To determine the kinase(s) responsible for IR-induced phosphorylation at each of the four identified sites, we used the PIKKs inhibitors caffeine and wortmannin to treat the HEK293 cells. Caffeine is an inhibitor of ATM and ATR, but not DNA-PK while wortmannin inhibits all three enzymes. For these experiments we examined the phosphorylation of endogenous Artemis. Interestingly, at a low dose of IR (3Gy) both caffeine and wortmannin inhibited phosphorylation at each site to approximately the same degree, while at a high dose of IR (10Gy) wortmannin was the more potent inhibitor. These results suggest that at low dose of IR the phosphorylation is primarily carried out by ATM/ATR while at high dose IR DNA-PK may play a significant role. To further examine this issue, we used siRNA transfection to deplete ATM, ATR, or DNA-PKcs, and then examined phosphorylation at each site. At low dose of IR siRNA-mediated knockdown of ATM significantly reduced the level of phosphorylation at each site. Knockdown of DNA-PKcs at low dose IR had little or no affect on the phosphorylation at any of the four sites, while at high dose of
IR a significant decrease in signal was observed at all four sites. Taken together, these findings indicate that ATM is the principal kinase that modifies Artemis at these sites after the lower and more physiological relevant induction of DSBs, while at high level of DNA damage Artemis also becomes a substrate for DNA-PK.
All of the following experiments were carried out using 3Gy of IR to treat the cells.
Part II. Role of DNA Damage-Induced Phosphorylation of Artemis in Cell Cycle Regulation.

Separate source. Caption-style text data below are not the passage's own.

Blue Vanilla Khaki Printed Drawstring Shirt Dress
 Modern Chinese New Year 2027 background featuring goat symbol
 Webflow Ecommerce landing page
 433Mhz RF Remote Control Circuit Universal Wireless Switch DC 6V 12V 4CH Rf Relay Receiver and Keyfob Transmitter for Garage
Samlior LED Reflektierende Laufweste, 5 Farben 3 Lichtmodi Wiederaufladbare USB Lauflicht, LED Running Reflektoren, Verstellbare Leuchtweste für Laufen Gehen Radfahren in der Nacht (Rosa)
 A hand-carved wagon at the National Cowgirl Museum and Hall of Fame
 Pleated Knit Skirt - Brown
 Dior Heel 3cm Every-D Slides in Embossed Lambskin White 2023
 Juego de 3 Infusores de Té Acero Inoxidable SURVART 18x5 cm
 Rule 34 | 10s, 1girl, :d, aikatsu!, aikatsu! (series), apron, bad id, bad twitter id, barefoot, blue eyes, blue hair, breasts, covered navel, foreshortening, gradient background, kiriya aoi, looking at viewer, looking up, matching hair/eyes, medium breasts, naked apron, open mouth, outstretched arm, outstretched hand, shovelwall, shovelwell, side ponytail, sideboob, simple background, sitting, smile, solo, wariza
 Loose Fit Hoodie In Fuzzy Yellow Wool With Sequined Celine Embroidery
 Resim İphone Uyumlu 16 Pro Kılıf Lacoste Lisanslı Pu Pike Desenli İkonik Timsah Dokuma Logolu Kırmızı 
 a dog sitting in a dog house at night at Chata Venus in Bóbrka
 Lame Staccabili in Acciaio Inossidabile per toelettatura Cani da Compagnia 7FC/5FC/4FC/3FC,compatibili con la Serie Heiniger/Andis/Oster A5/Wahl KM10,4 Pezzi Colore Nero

We examined the kinetics of phosphorylation at each of the four SQ sites after IR treatment. Phosphorylation at S534 and S538 showed rapid phosphorylation that was readily apparent by 30min; however, this phosphorylation was highly transient and had disappeared by 2hrs. On the other hand, phosphorylation at S516 and S645 was observed at 30min, remained strong until 6hrs, and then slowly declined out to 24hrs.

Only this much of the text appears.